(Caption-style text data)
+-------+

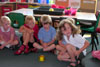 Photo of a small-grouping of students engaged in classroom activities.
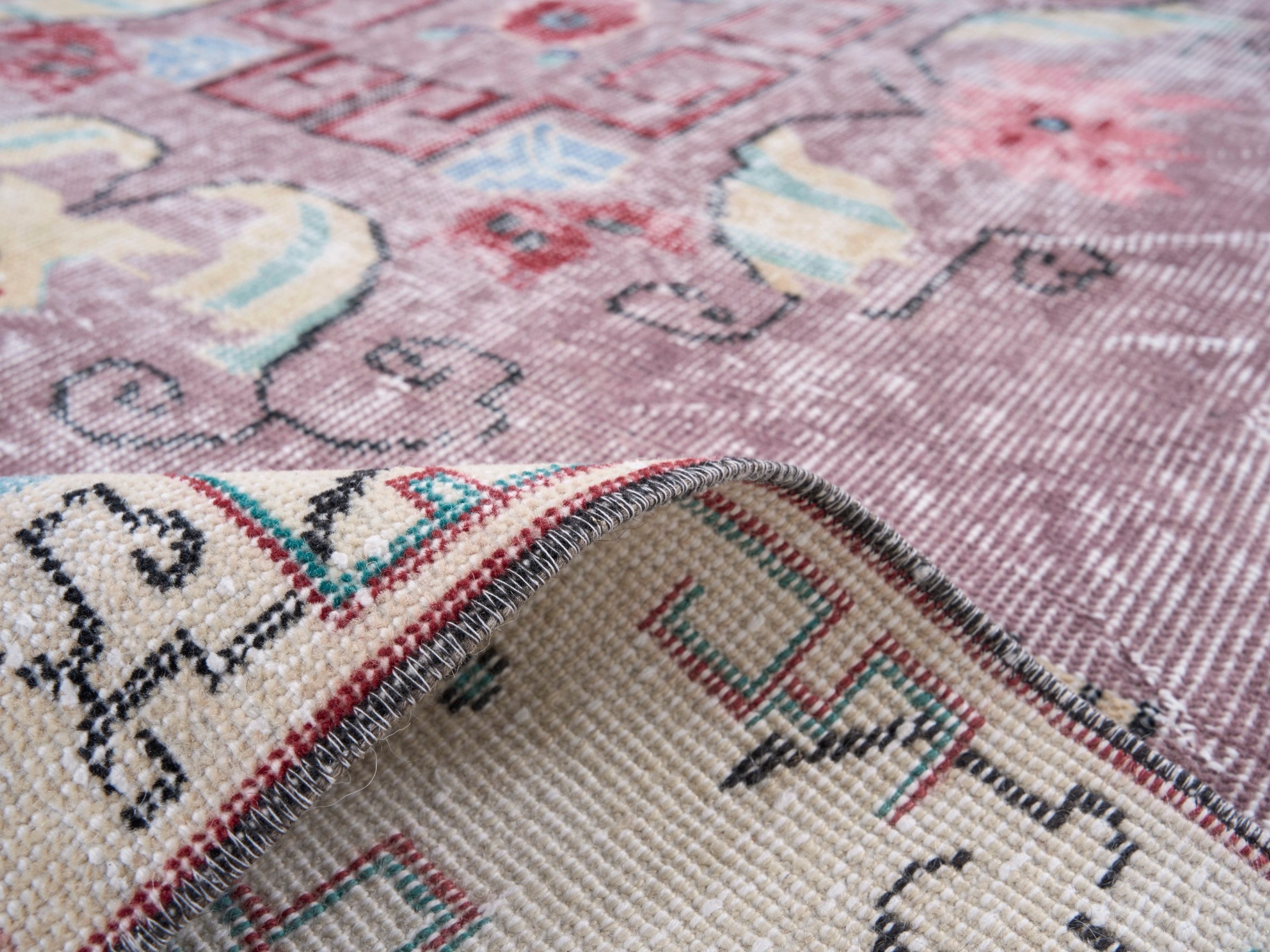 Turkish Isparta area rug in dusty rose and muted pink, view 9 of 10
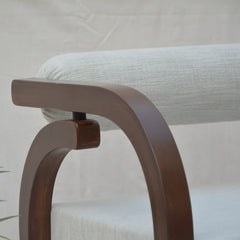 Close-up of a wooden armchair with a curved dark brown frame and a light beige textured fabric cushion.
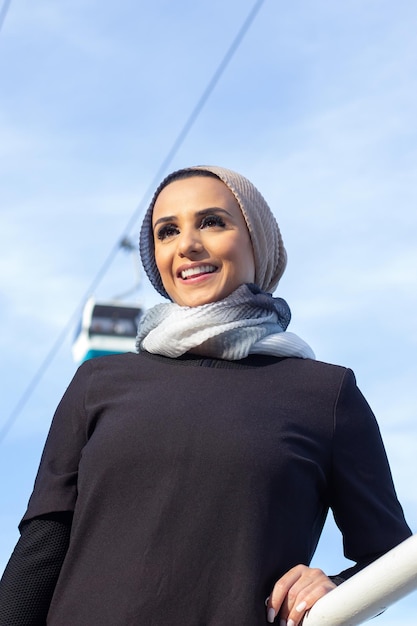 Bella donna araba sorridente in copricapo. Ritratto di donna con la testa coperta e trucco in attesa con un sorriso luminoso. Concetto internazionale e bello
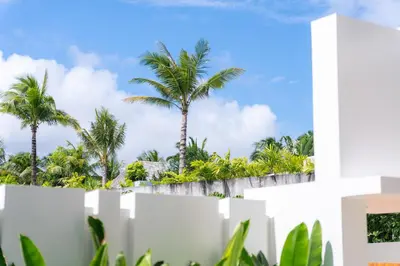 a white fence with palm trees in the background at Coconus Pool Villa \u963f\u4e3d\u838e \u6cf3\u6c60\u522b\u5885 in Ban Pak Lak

+-------+

# [Exercise aim]
Quote every entry exactly, with the pictures omitted.

# [Answer section]
 Photo of a small-grouping of students engaged in classroom activities.
 Turkish Isparta area rug in dusty rose and muted pink, view 9 of 10
 Close-up of a wooden armchair with a curved dark brown frame and a light beige textured fabric cushion.
 Bella donna araba sorridente in copricapo. Ritratto di donna con la testa coperta e trucco in attesa con un sorriso luminoso. Concetto internazionale e bello
 a white fence with palm trees in the background at Coconus Pool Villa \u963f\u4e3d\u838e \u6cf3\u6c60\u522b\u5885 in Ban Pak Lak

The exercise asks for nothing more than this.